Handling .RIS file (citation manager) in Knime

Hi,

 

I am handling RIS format files, generated by citation manager software as Zotero, EndNote (http://en.wikipedia.org/wiki/RIS_%28file_format%29). I attached a small sample of the RIS file I am dealing with.

 

I would appreciate any help in order to translate some operations into Knime. Below there are two registers that are in the same file, just separated one of another by an empty row. I need to transform this structure in a table (the simulation of the desired one is below).

From:

TY  - JOUR

TI  - Get up…

AU  - Clegg, Stewart

AU  - Carter, Chris

T2  - Management Review

 

TY  - JOUR

TI  - Bringing Space…

AU  - Kornberger, Martin

AU  - Clegg, Stewart

T2  - Organization-Studies

 

To (simulated table I need to obtain from Kime):

TY           TI                                AU                                                               T2

JOUR     Get up…                     Clegg, Stewart; Carter, Chris                  Management Review

JOUR     Bringing Space…       Kornberger, Martin Clegg, Stewart       Organization-Studies

 

OBSERVATIONS:

 

a) I tried to use the ‘File Reader’ node, being my first step the separation of the fields having as ‘column delimiter’ the dash sign -

The problem with the dash sign ‘-‘ is that some names have the dash as well (e.g. Organization-Studies) and it cause a mess in the whole file.

 

b) Some fields, as AU (author) will repeat in the RIS file considering the total of authors of an article. So, in the desired Knime table, I need that the authors be inserted in a same AU column, being separated each other from a semi-colon ;

 

Many thanks in advance,

Cadu

Hi Cadu,

Interesting problem... I have tried to solve, but with only partial success. I guess it would be easier with a custom importer node, or maybe with a node witch gets the whole table (Jython or R). Anyway, if you prefer, you can try to fix (enhance) the attached workflow, altough it requires the KNIME Utilities from HiTS (which is not yet updated to KNIME 2.8, so each start it will show some error messages - you have been warned ;) ). Probably I have just found a bug with this input. (Well, at least a way to improve. :) )

Cheers, gabor

This (R package to read ris files) might be more help.

Hi Gabor,

Thank you very much for share the workflow. I am doing my way trhrough Knime learning and KNIME Utilities is something to be added to my next steps to go deeper on handling this amazing tool.

 

QUESTION=> You mentioned that "(R package to read ris files) might be more help". I read that there is some ways to run R inside Knime. Would it be possible to use Knime and R (inside Knime) to read RIS files, or should I try to do this direct in R, without any interface with Knime?

 

Cheers,

Carlos

 

Hi Carlos,

There are labs and community extensions for KNIME, so you can use them within KNIME. (Under Windows there are binaries of R that can be installed, not sure it supports installing packages.) I guess you can install/check R packages from within the R nodes. You should specify in the metadata of the workflow which extensions, R version are required if you plan to share that. (Sometimes I wish I had shared these infos with myself for my workflows.)

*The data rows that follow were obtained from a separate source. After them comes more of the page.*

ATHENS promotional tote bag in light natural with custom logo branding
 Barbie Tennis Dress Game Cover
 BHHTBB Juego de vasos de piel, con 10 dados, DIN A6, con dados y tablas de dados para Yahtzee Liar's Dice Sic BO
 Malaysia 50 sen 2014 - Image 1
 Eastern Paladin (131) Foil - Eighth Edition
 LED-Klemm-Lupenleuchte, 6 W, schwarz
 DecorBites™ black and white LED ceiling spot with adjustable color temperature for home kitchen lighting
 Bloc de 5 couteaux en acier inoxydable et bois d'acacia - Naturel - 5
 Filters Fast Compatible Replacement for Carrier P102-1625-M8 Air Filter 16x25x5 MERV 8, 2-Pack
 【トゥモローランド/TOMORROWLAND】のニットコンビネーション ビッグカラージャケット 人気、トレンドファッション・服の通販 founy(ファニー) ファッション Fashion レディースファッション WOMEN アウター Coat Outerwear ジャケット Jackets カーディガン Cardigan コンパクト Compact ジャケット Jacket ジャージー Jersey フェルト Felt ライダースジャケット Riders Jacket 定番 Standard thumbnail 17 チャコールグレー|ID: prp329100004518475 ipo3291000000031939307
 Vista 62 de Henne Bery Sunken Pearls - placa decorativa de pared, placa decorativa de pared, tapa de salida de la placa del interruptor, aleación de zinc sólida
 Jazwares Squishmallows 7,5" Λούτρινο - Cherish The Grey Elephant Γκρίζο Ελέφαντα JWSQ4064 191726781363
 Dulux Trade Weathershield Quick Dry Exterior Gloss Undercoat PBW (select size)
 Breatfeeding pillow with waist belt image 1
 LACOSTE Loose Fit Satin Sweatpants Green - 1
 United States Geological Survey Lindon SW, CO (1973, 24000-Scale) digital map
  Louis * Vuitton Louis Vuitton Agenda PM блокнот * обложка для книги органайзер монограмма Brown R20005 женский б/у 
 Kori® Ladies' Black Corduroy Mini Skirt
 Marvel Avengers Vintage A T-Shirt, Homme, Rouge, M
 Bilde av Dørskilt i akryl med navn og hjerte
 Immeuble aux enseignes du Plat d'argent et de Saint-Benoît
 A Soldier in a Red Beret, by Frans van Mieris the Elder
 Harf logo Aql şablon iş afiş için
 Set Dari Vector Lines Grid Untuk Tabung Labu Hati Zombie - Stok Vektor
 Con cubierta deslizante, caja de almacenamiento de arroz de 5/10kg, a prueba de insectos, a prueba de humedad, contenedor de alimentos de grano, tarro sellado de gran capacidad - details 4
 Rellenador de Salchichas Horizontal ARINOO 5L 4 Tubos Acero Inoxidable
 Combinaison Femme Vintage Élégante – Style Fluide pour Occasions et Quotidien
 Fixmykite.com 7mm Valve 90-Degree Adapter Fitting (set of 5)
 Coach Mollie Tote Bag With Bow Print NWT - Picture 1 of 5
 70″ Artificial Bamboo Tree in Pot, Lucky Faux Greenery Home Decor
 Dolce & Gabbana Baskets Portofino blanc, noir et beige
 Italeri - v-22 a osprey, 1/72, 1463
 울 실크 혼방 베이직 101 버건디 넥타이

The KNIME Utilities are specific for certain tasks I needed, so beyond those, it might be less interesting for others, it should have some updates, although not sure I'll perform those in the near future, so it might worth seeking for alternatives. ;)

Cheers, gabor

PS.: Have fun and success working on your PhD dissertation! :)

Hi Gabor,

 

Thanks again. Now I have Knime with R nodes!

 

HELP:

 

I could achive the transformation from RIS to BibTeX you suggested before (http://www.inside-r.org/packages/cran/ris/docs/read.ris).

 

Actually, I am using Zotero as citation manager and I can export as RIS, but also as BibTeX. So, I did this through Zotero and R wasn't necessary.

 

The structure of  BibTeX file (attached) solved the problem that exists in RIS file related to authors, since there is now just one field called 'author'.

 

So, I have now the need to transform BibTeX file in a table (same thing I was looking for how to do based on RIS file). Is Knime able to do such a transformation? Which nodes should I use?

 

OBSERVATION: The BibTeX field names can vary in different registers of the same file. For instance, in the attached example the 'copyright' field exist in one register but not in the other. It is because in the source of one of the registers (Zotero) the field is empty and so it isn't exported to the BibTeX output format. There is a kind of rule if the field doesn't exist in one of the registers, the field content should be treated as empty (but a column 'copyright' should exist always, once it appeared at least in one of the registers).

 

Thanks,

Cadu

I would use regular expressions or a similar way to extract the information you need from BibTeX files, but probably someone else created a node to handle BibTeX files. (Maybe the textprocessing nodes?) If you are familiar with Jython, or groovy (and/or KNIME development), imho the RIS is better to parse, but if your input is BibTeX, it might be better to parse those.